In any industry or field of business, there has always been the prevailing rule, and if there isn’t any law against it, then you are free to do it. For instance, if there are no rules for the protection of a resource, one is free to use it or take as much of it according to your own needs at your ends. Until no regulatory procedures are introduced, innovators and disruptors are free to regulate themselves. In the world of astronomy, the utmost resource of all is a dark and clear night sky- humanity’s window to the Cosmos. Usually, its foes have always been cloud cover, turbulent air, and artificial light pollution. However, very recently, a new kind of pollutant is introduced that is a threat to astronomy itself. This threat is mega-constellations of satellites. If Elon Musk’s who is the founder of American company SpaceX, Starlink project that has already begun continues, it will probably end ground-based astronomy in the way we know it.

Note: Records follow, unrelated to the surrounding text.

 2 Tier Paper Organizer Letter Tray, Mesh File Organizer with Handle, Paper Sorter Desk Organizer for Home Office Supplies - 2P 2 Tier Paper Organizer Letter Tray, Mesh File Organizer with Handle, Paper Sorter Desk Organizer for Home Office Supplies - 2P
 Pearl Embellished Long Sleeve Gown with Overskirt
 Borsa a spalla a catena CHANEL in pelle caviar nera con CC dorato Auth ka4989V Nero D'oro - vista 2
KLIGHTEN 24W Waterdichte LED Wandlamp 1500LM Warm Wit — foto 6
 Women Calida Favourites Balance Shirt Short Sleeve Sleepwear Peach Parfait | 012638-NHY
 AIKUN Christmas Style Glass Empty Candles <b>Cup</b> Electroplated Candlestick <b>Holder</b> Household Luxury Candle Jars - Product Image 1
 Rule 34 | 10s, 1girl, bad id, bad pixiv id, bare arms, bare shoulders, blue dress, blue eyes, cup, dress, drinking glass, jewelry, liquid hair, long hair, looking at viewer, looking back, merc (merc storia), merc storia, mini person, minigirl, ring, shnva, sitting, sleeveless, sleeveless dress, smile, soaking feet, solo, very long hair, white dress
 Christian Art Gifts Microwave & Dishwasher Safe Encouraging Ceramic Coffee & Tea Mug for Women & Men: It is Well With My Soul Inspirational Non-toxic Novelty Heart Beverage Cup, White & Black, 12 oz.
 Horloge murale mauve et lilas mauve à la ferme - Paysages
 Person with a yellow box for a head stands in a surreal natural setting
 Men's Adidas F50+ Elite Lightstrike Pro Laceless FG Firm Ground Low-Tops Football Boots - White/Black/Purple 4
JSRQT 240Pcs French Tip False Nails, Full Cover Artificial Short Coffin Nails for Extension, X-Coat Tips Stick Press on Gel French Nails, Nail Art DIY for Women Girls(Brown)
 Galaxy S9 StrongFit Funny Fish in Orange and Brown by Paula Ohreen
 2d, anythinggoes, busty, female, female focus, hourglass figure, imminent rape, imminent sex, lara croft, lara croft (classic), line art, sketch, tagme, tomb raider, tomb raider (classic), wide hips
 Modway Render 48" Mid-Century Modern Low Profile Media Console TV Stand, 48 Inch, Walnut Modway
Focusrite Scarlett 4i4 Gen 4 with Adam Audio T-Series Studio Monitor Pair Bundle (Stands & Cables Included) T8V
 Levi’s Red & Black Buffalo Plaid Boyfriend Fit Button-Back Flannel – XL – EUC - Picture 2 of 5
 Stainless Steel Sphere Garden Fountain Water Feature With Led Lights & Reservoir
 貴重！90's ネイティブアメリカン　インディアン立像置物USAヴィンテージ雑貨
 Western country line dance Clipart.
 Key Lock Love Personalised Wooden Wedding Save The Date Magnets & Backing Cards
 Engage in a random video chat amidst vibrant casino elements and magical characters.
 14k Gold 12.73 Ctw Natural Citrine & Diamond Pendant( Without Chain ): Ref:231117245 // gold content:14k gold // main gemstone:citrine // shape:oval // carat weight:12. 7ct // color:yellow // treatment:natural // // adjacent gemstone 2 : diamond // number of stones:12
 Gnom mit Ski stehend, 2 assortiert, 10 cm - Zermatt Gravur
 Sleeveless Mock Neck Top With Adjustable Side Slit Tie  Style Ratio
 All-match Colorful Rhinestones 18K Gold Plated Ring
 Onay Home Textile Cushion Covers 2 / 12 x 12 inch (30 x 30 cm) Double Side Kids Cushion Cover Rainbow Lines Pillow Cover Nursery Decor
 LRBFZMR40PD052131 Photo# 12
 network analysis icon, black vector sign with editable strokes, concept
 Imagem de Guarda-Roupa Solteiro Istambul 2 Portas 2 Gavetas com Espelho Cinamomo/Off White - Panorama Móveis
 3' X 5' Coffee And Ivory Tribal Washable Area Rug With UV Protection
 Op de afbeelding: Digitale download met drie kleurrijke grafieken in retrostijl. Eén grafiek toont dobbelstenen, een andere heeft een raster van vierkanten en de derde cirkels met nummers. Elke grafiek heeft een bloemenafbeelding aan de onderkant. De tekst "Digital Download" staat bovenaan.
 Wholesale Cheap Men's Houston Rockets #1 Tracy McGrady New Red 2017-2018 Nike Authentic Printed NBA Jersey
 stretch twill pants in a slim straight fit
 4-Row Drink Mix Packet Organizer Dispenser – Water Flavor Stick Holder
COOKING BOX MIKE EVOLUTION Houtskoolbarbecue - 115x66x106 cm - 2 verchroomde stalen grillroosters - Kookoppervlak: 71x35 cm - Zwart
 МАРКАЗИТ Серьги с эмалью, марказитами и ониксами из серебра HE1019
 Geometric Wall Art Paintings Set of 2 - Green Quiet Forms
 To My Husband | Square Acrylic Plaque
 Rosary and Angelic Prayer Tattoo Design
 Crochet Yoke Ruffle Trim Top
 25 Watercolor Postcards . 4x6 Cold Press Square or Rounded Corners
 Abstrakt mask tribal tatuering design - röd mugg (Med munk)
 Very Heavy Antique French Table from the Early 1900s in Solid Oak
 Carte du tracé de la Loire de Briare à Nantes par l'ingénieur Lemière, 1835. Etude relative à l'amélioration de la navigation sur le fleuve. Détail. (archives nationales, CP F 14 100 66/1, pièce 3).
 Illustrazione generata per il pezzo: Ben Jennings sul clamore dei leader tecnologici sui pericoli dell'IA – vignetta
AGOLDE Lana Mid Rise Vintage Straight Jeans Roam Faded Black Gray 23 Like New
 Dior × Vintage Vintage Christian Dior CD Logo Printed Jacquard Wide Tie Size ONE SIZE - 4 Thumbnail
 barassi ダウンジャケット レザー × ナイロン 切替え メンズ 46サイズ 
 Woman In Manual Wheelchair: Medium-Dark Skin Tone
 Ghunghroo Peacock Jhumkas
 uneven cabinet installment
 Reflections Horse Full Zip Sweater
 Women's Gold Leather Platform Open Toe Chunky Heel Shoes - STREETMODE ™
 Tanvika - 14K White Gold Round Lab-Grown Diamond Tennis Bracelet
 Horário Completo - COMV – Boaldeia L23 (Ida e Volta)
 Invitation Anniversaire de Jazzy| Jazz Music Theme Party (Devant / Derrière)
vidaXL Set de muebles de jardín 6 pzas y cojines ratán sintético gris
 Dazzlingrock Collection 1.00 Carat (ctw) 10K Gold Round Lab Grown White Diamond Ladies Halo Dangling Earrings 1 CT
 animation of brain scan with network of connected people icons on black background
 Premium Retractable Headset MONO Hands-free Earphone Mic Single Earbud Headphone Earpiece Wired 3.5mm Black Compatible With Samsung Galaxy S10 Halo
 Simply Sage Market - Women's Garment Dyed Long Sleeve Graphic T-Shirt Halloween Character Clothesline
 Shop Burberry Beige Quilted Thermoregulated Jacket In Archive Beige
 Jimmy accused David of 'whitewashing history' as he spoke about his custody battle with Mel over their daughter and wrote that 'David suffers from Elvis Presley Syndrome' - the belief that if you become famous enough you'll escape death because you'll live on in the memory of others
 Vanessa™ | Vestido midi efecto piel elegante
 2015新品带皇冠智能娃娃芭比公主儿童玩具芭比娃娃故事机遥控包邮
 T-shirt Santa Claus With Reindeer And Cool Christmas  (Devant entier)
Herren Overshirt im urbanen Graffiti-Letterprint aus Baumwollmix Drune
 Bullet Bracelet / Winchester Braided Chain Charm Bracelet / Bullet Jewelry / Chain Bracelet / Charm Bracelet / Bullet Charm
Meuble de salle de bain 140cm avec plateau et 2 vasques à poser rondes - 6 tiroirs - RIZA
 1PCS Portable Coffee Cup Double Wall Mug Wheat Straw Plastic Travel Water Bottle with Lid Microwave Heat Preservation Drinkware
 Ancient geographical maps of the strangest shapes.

Launching satellites into space is to offer services to those who are living on the ground, and it is an essential part of our modern-day living. Telecommunications satellites and GPS enable our cellular signals, and these satellites support our internet that we access on our cellphones today. A new upgrade in the field is 5G services. This new upgrade requires a set of new infrastructure, and that means an advanced set of satellites that are equipped enough to provide 5G service must be launched.
The first company to attempt the launch of a satellite to serve 5G services is SpaceX. The company under the leadership of Elon Musk plans to firstly install around 12,000 satellites in Starlink that is a mega-constellation. Eventually, the constellation anticipates extending to a total of 42,000 satellites. Only 122 of these satellites have been positioned, on November 20, 2019. These satellites already had a damaging impact on astronomy that too on a global level.